/ 1 January 2002

Fighting Aids from the kitchen

ORANGE Farm residents are reaching out to HIV-positive people in their community.

When Olga Lutu takes to the podium, the audience breaks into applause, song and ululations. The occasion is the official opening of a kitchen that has been donated to Women’s Voice by Tikkun, a Jewish outreach programme, to provide meals to people with HIV/Aids in Orange Farm, south of Johannesburg.

Women’s Voice is a non-profit organisation that provides home-based care to people with all sorts of ailments, including tuberculosis, diabetes and HIV/Aids.

According to Lutu the organisation comprises a group of volunteers who dedicate themselves to helping members of the community in need of assistance. The volunteers pay daily visits to the elderly and the bed-ridden ? to feed and wash them, and provide them with medication. Women’s Voice also provides administrative assistance to people who want to apply for identity documents and birth certificates.

Lutu says the project started a feeding scheme to provide nutrition-rich meals to people suffering from chronic diseases. Tikkun came on board by providing an assortment of catering ware including a gas stove, a freezer, a sink and cutlery.
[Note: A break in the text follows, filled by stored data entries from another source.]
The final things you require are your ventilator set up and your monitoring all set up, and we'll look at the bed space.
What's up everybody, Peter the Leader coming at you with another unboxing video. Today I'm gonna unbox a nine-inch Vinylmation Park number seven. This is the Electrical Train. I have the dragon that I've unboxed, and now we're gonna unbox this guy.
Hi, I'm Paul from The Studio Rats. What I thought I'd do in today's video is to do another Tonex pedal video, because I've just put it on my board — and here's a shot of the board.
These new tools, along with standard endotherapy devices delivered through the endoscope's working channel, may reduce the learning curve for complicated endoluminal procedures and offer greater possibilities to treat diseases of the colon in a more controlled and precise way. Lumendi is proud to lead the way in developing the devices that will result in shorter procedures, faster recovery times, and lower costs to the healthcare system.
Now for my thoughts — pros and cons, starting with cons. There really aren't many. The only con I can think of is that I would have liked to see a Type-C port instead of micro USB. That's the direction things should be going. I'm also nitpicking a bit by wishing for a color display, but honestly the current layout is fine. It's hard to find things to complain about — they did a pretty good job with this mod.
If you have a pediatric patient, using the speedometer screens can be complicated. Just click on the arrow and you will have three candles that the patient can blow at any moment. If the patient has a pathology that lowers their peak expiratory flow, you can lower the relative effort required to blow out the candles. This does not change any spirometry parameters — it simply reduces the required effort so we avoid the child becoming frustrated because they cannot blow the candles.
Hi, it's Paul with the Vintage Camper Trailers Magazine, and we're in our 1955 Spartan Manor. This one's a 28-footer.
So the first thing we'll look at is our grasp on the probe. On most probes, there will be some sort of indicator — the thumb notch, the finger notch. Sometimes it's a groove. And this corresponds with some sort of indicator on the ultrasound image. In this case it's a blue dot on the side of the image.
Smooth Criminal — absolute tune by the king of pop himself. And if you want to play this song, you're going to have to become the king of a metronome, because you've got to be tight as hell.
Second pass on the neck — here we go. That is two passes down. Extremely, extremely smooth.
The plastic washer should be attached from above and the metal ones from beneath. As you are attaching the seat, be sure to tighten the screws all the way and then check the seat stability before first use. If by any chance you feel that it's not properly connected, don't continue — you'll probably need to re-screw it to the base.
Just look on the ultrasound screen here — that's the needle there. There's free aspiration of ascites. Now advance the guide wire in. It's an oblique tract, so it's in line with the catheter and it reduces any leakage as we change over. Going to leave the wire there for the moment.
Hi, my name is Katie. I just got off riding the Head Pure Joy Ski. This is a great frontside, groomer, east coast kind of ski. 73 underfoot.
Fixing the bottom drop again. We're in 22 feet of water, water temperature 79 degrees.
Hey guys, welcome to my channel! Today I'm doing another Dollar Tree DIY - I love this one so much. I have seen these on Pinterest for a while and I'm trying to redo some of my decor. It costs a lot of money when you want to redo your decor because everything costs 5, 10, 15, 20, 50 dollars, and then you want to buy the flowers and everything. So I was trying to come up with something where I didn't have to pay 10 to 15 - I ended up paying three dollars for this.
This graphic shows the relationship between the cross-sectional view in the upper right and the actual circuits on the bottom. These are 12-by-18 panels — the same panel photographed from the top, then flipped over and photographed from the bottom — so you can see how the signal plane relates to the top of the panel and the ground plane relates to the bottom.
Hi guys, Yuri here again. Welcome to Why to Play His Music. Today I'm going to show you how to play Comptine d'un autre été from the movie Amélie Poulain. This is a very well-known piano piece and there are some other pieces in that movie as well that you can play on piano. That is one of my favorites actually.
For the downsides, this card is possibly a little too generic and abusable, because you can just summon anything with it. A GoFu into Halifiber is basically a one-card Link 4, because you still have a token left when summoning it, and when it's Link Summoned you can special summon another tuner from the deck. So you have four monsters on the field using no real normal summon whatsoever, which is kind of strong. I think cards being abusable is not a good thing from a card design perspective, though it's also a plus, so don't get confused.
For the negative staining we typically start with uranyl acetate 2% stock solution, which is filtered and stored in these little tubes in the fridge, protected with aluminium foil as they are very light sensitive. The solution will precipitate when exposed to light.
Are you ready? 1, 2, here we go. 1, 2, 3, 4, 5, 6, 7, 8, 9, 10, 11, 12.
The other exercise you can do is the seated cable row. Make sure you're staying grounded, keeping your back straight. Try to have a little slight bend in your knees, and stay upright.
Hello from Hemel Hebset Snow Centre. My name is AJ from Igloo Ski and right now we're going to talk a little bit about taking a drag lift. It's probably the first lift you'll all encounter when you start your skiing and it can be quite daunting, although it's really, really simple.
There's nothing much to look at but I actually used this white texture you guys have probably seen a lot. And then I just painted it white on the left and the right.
The feeding scheme is housed in a modest corrugated-iron shack in Lutu’s yard. “I volunteered to provide space for the building of the shack in my yard because the local clinic does not have sufficient space.”

Lutu says Women’s Voice plans to have as many of these kitchens in the four wards of Orange Farm as possible so that they can make a visible impact on poverty and its associated diseases.

Adding value to the feeding scheme is an organic food garden that supplies fresh vegetables. At the launch of the kitchen project Lutu said the facility would provide healthy meals to 60 HIV/Aids patients daily.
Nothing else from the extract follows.